[Exercise brief]: Transcribe the line that contains "SUITE VIOLONCELLE" and every line after it to the end of the records, exactly and nothing else. Skip the pictures.

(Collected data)

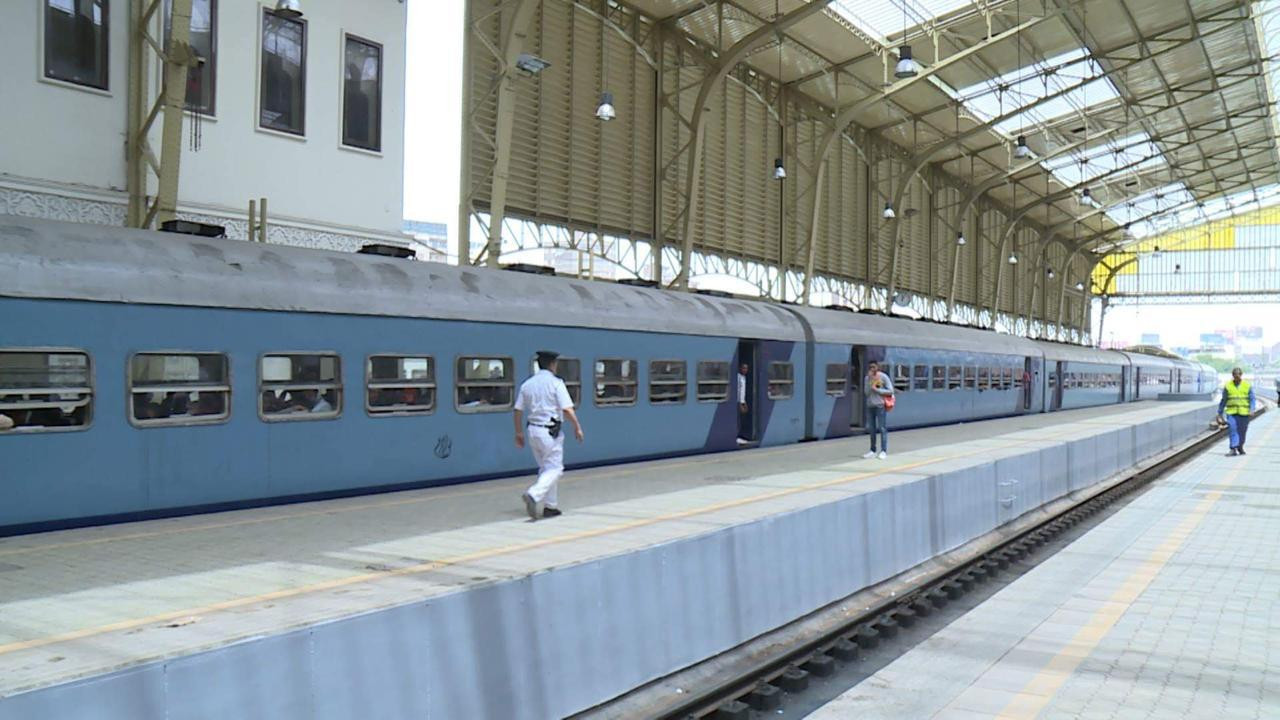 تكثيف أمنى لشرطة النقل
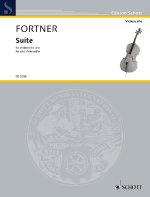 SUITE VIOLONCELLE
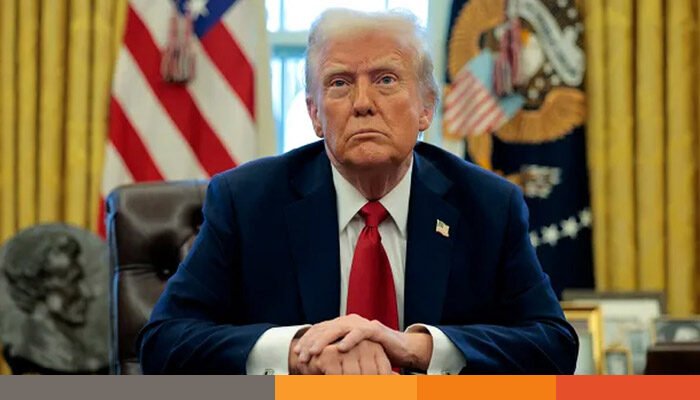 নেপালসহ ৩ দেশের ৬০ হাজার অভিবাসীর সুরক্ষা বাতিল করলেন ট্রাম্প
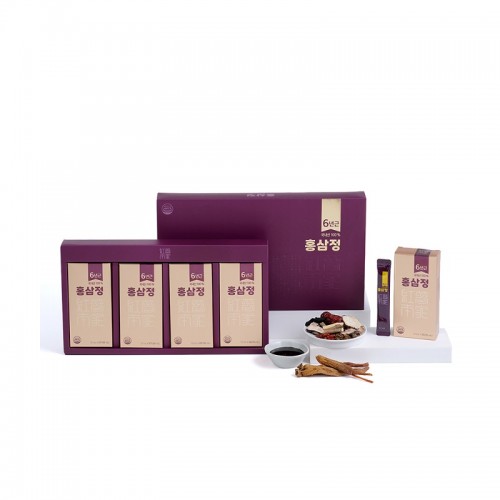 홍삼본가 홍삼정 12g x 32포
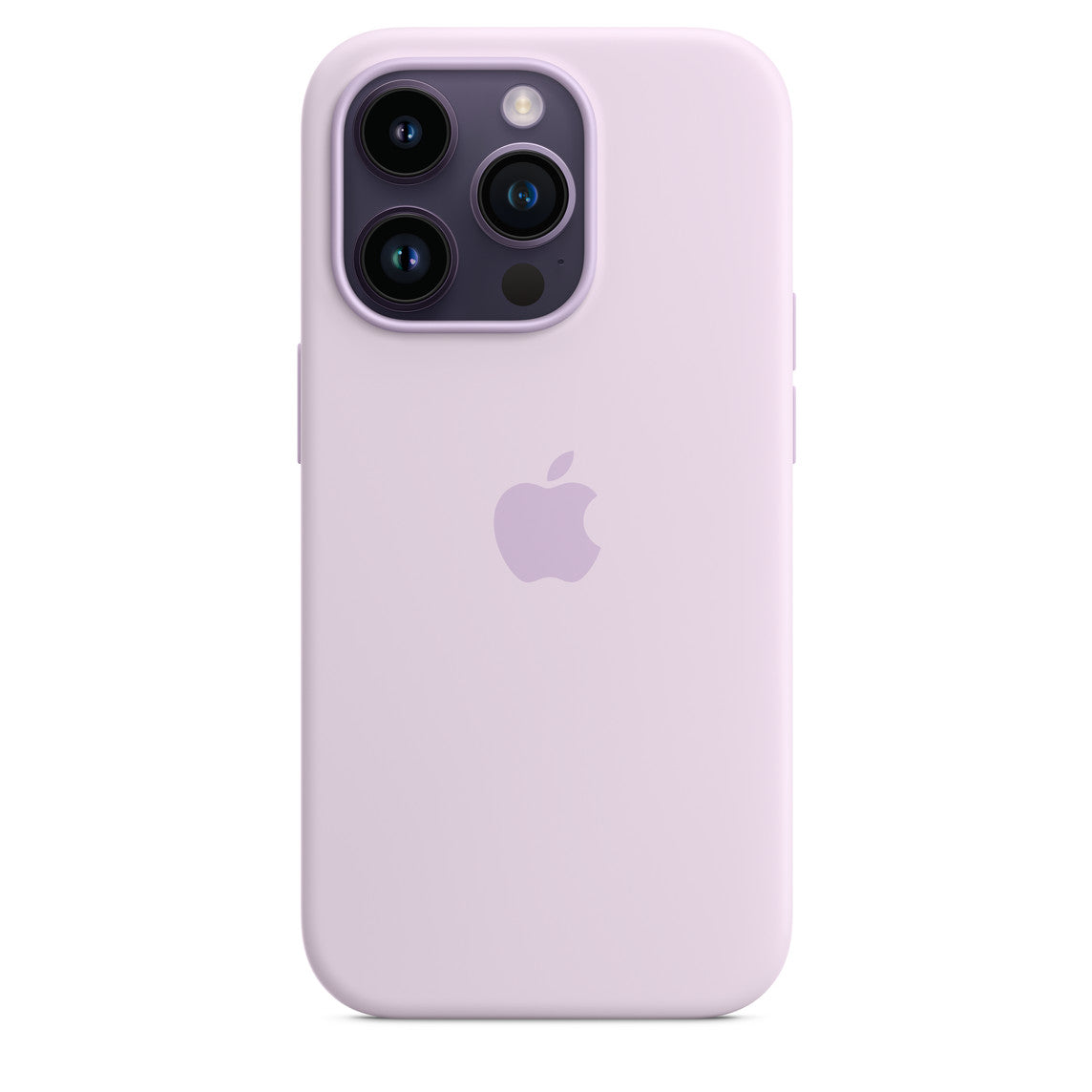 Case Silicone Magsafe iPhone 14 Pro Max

[Answer space]:
 SUITE VIOLONCELLE
 নেপালসহ ৩ দেশের ৬০ হাজার অভিবাসীর সুরক্ষা বাতিল করলেন ট্রাম্প
 홍삼본가 홍삼정 12g x 32포
 Case Silicone Magsafe iPhone 14 Pro Max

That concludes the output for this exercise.